2023年8月26日
米連邦準備制度理事会 (FRB) のパウエル議長 (*写真) は8月25日、経済指標次第では追加利上げに踏み切る姿勢を改めて強調した。
金融引き締めに積極的な「タカ派」姿勢を堅持することで、市場の利上げ局面終了への期待を牽制した形だ。
ただ、世界に目を向けると、中国の景気回復遅れなど懸念材料は山積している。
世界経済に影響を与える米金融政策の行方に一段と注目が高まる。
メッセージ
「物価上昇率がピークから下がったことは歓迎するが、まだ高すぎる」。
パウエル氏はワイオミング州でのジャクソンホール会合で、こう強調した。
ジャクソンホール会合はこれまでもFRB議長が重要な発言をしており、講演は市場へのメッセージだ。
金融市場では「米国の政策金利は十分に高く、経済に打撃となる利上げは打ち止めだ」との期待がある。
FRBが警戒してきた食品とエネルギーを除く物価上昇率が、前月比で縮小傾向にあるためだ。
しかし、パウエル氏は「物価上昇が低水準のままかどうかは分からない」と楽観論を諌 (いさ) めた。

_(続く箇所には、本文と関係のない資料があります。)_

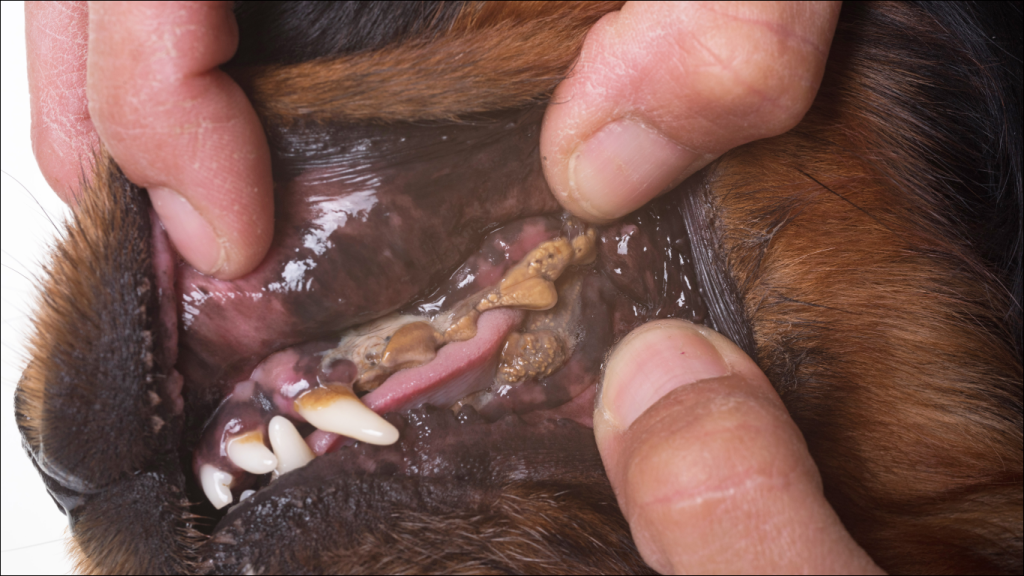Veterinário mostrando a dentição do cachorro, para falar sobre a doença periodontal avançada em pets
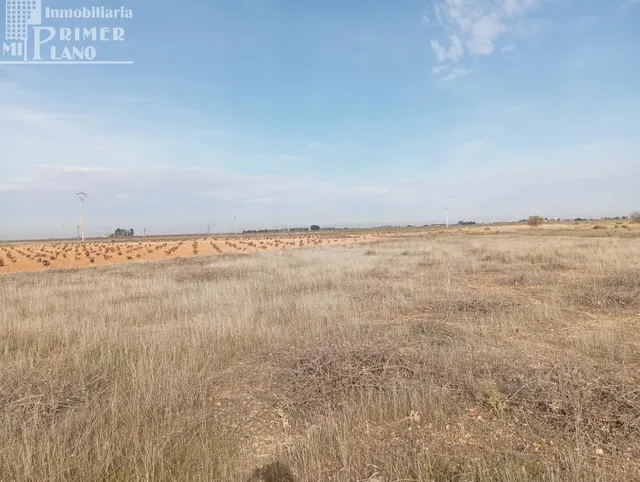 Parcela rústica de secano en Socuéllamos – Zona Carretera To - foto 2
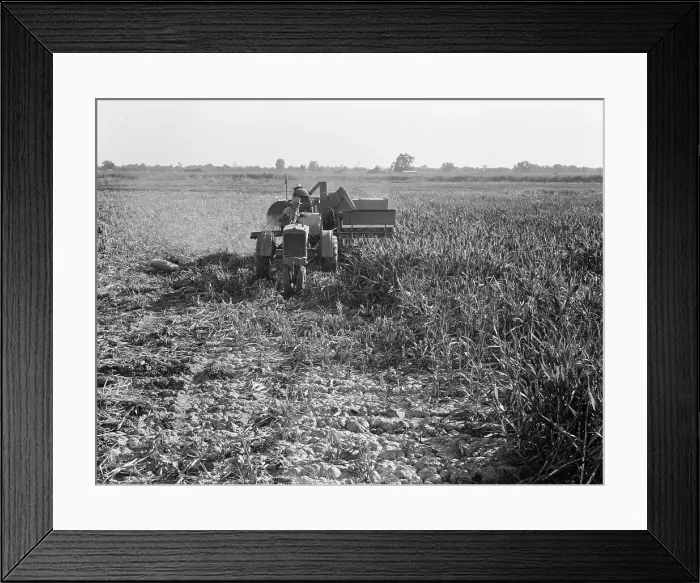 Framed Print : All-crop harvesting, Tulare County, California, 1938. Creator: Dorothea Lange Framed Print : All-crop harvesting, Tulare County, California, 1938. Creator: Dorothea Lange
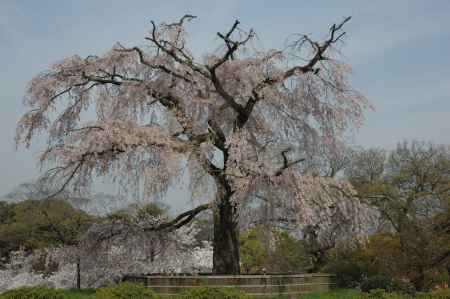 円山公園の枝垂れ桜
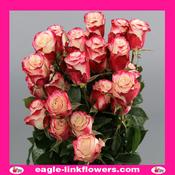 Sweetness – Premium – Premium Roses - 40cm image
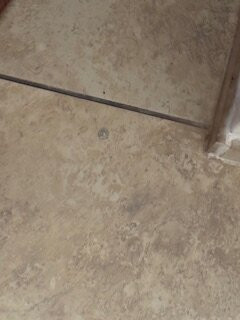 克尔维尔智选假日酒店主图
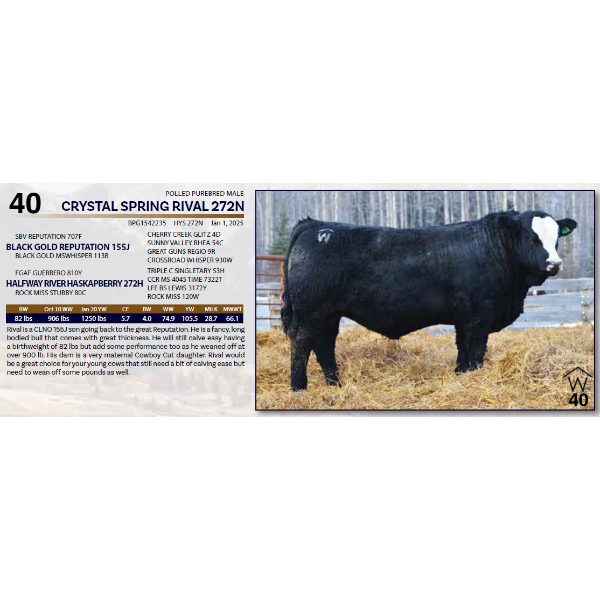 CRYSTAL SPRING RIVAL 272N 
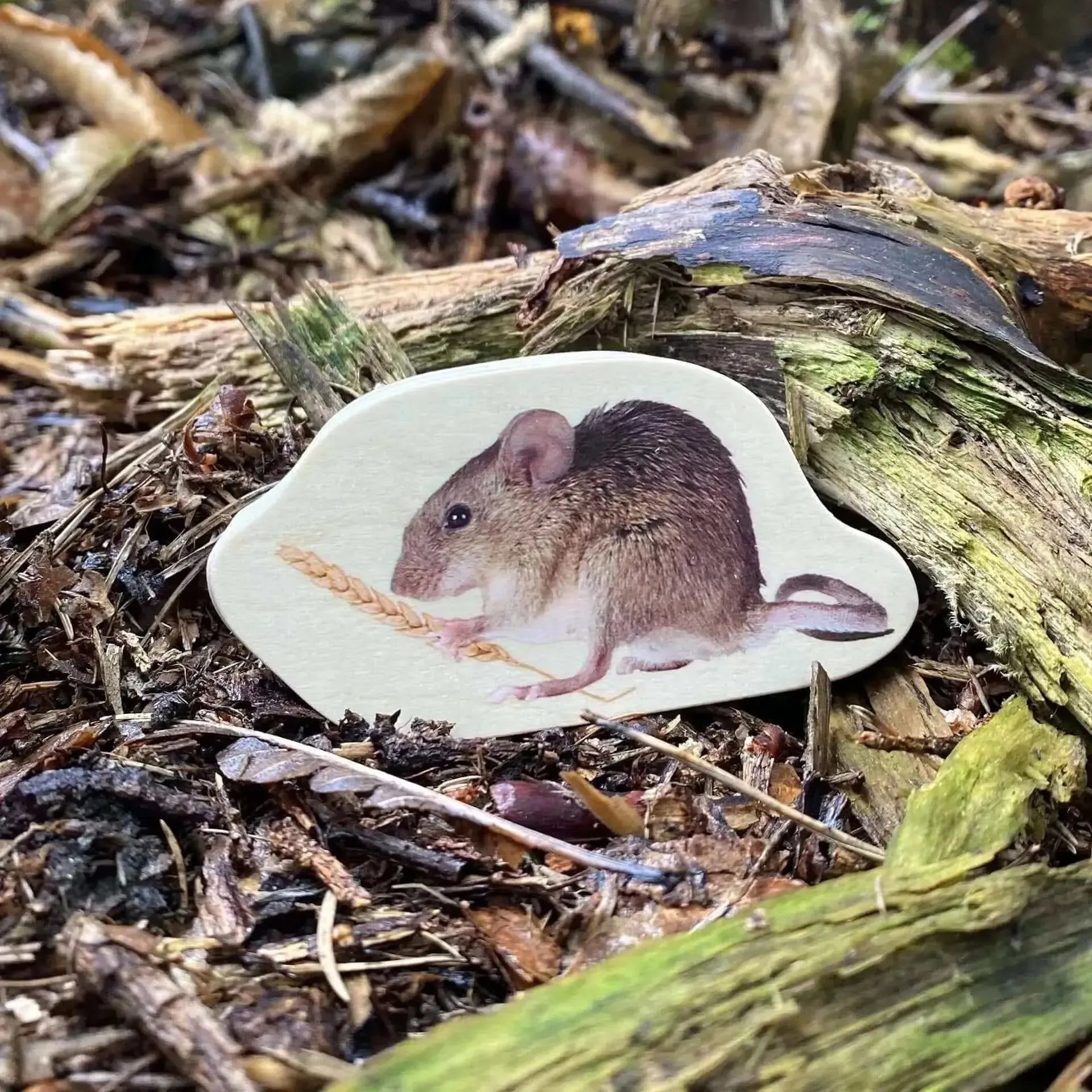 TickiT Wooden Forest Animal Blocks Set of 30-TickiT Wooden Forest Animal Blocks Set of 30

アメリカン・エンタープライズ研究所 (American Enterprise Institute=AEI) のスタン・ボーガー上席研究員はパウエル氏は「利上げによる景気後退よりも、物価上昇を懸念しているようだ」と分析。
「9月ではないが、11月には利上げがあるかもしれない」との見方を示した。
ピーターソン国際経済研究所 (Peterson Institute for International Economics=PIIE) のジョセフ・ギャニオン上席研究員も「データ次第だが、来年初めまでに2~3回の利上げの可能性がある」とした。
円安進行も
利上げは米国だけでなく、欧州でも進む。
欧州中央銀行 (ECB) のラガルド総裁は8月25日の講演で「インフレとの戦いにまだ勝っていない」と述べ、金融引き締めの必要性を強調。
各国が次々と利上げしていることで、国際通貨基金 (IMF) などは発展途上国や新興国からの米欧への資金流出など、世界経済への悪影響を懸念する。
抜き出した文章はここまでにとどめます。